● **Short text fragments from websites**:
----
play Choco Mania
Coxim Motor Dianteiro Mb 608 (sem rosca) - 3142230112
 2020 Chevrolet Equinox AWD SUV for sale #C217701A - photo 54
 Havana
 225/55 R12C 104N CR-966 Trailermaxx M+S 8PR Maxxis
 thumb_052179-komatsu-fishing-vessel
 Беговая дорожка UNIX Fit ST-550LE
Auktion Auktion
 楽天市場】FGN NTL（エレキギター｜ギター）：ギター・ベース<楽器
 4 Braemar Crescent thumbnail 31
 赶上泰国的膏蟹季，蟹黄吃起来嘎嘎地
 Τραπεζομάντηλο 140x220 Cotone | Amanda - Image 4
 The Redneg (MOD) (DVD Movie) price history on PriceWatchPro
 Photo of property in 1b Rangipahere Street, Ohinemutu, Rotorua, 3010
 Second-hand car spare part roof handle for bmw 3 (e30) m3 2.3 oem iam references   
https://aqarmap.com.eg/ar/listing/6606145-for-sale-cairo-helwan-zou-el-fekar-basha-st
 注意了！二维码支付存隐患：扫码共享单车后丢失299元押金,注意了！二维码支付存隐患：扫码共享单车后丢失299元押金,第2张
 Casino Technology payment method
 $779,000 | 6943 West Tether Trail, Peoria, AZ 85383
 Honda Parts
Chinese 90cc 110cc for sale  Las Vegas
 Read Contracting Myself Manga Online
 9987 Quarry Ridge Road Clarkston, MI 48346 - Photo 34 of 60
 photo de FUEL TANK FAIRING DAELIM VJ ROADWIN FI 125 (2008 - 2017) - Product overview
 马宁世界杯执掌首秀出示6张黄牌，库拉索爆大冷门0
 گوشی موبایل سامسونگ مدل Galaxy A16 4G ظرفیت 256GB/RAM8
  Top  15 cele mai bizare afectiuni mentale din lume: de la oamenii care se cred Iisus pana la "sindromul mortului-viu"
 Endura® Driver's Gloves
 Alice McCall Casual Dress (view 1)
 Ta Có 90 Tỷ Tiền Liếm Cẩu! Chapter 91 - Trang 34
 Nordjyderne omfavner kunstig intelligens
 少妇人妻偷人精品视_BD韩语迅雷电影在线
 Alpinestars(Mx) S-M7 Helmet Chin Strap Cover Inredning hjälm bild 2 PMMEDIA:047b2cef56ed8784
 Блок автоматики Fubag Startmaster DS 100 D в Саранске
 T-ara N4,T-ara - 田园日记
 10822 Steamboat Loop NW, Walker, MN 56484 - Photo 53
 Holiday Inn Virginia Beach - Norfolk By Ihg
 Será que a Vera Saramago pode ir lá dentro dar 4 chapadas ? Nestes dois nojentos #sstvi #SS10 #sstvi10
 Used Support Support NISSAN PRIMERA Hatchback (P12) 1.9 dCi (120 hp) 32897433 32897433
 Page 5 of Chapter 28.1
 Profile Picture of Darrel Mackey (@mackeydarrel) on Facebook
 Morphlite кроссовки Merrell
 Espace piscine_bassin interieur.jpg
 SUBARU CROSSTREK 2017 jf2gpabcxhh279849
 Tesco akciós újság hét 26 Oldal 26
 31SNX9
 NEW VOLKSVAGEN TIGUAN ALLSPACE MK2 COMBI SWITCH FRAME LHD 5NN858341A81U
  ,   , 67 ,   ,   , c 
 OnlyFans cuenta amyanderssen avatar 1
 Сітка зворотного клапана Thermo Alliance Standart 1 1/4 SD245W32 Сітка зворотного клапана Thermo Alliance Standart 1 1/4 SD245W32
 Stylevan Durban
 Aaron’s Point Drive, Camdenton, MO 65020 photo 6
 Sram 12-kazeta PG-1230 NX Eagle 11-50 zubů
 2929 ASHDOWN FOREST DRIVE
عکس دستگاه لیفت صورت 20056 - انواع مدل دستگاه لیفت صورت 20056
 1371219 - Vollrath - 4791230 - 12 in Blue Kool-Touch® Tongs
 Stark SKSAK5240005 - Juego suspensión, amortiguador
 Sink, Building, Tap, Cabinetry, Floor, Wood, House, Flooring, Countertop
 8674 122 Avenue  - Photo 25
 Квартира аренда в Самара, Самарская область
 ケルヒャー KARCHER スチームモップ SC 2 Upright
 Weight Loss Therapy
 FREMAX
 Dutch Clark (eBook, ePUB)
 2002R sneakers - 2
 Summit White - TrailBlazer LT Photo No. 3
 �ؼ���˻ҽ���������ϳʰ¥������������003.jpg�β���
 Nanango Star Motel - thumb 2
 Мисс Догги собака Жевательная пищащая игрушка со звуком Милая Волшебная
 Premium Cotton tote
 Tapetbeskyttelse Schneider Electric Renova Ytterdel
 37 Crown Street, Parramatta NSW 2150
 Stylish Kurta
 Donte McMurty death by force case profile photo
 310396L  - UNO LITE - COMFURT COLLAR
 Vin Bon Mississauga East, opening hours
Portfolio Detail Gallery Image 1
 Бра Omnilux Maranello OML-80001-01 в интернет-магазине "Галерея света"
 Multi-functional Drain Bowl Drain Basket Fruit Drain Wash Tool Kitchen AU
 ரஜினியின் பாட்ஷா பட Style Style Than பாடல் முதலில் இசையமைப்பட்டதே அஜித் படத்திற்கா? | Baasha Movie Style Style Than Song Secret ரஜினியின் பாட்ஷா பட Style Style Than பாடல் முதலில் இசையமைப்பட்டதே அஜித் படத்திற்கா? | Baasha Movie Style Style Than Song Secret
----
● **Problem requirements**: Copy out every line in the entries above that holds "sale".

● **Task result**:
 2020 Chevrolet Equinox AWD SUV for sale #C217701A - photo 54
https://aqarmap.com.eg/ar/listing/6606145-for-sale-cairo-helwan-zou-el-fekar-basha-st
Chinese 90cc 110cc for sale  Las Vegas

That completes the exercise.